"Life and death have been lacking in my life"
About this Quote
Borges drops the two biggest nouns in the human ledger - life and death - and then commits a small act of sabotage: he says theyve been missing from his life. The paradox isnt decorative; it is his signature move. He spent decades turning experience into literature so refined it can feel airless, a labyrinth built to keep the messy body out. In that light, the line reads less like melodrama than self-indictment: a confession that a life lived in books, symbols, and metaphysical games can leave you oddly untouched by the very stakes those books obsess over.
The phrasing is almost bureaucratic, as if filing a report on his own existence. That coolness makes the ache sharper. It hints at emotional distance, at a man who has approached birth, love, grief, and mortality as concepts before he has felt them as brute facts. Coming from Borges, it also lands as a sly comment on narration itself: in stories, life and death are the engines that make plots move; in his own days, he suggests, the plot has stalled in pure mind.
Context matters. Borges became progressively blind, and his work increasingly treats reality as something accessed indirectly - through memory, mirrors, language, inherited myths. The subtext is that his celebrated intellectual clarity may have cost him something elemental. The line is a late, unsparing wink: if youve made a career out of turning existence into infinity, you may wake up to find the finite - living, dying - strangely absent.

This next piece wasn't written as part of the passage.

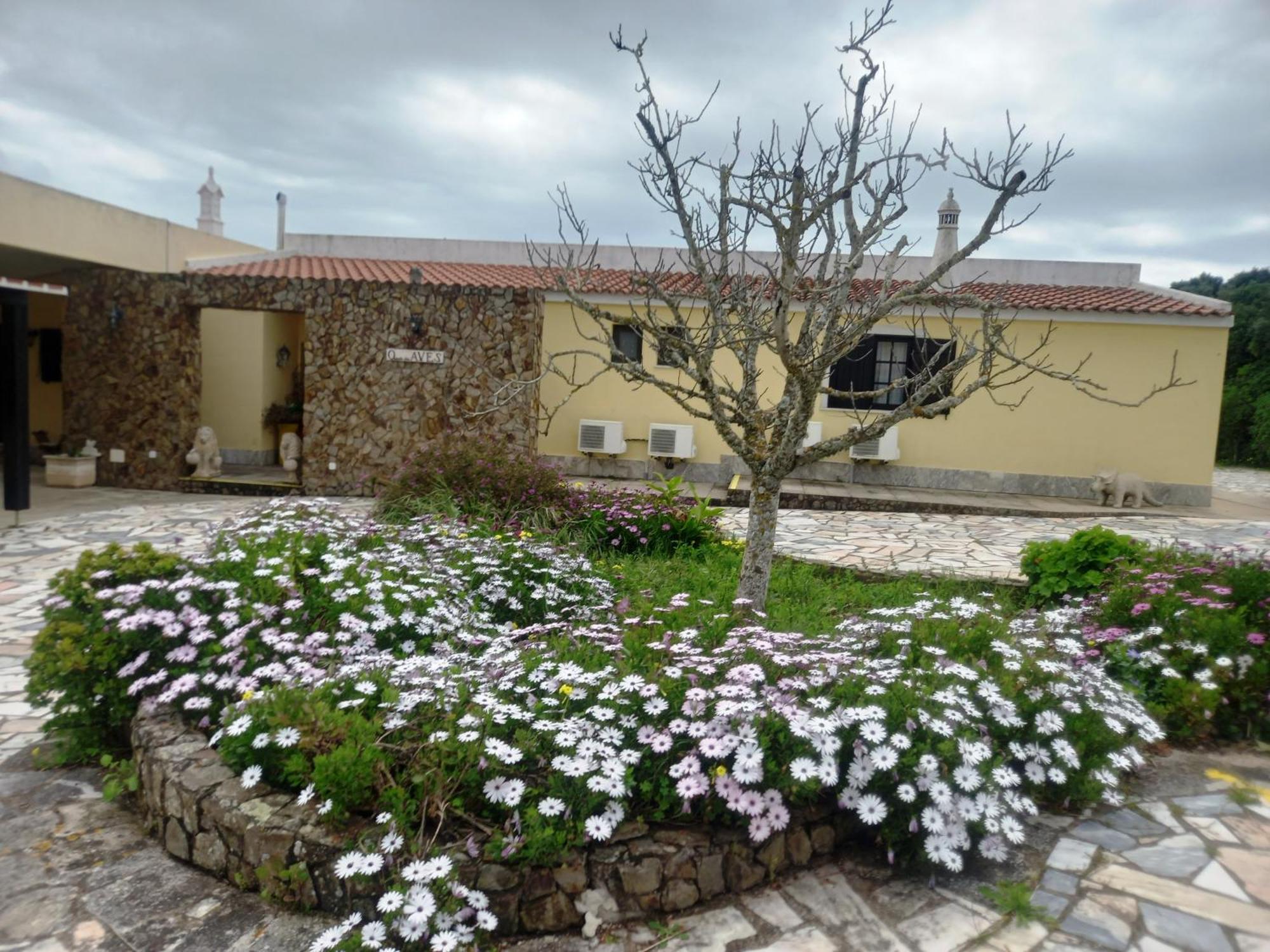 Quinta Das Aves - Apartamento T2 Com Piscina Comum Odiaxere Bagian luar foto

The phrasing is almost bureaucratic, as if filing a report on his own existence. That coolness makes the ache sharper. It hints at emotional distance, at a man who has approached birth, love, grief, and mortality as concepts before he has felt them as brute facts. Coming from Borges, it also lands as a sly comment on narration itself: in stories, life and death are the engines that make plots move; in his own days, he suggests, the plot has stalled in pure mind.
Context matters. Borges became progressively blind, and his work increasingly treats reality as something accessed indirectly - through memory, mirrors, language, inherited myths. The subtext is that his celebrated intellectual clarity may have cost him something elemental. The line is a late, unsparing wink: if youve made a career out of turning existence into infinity, you may wake up to find the finite - living, dying - strangely absent.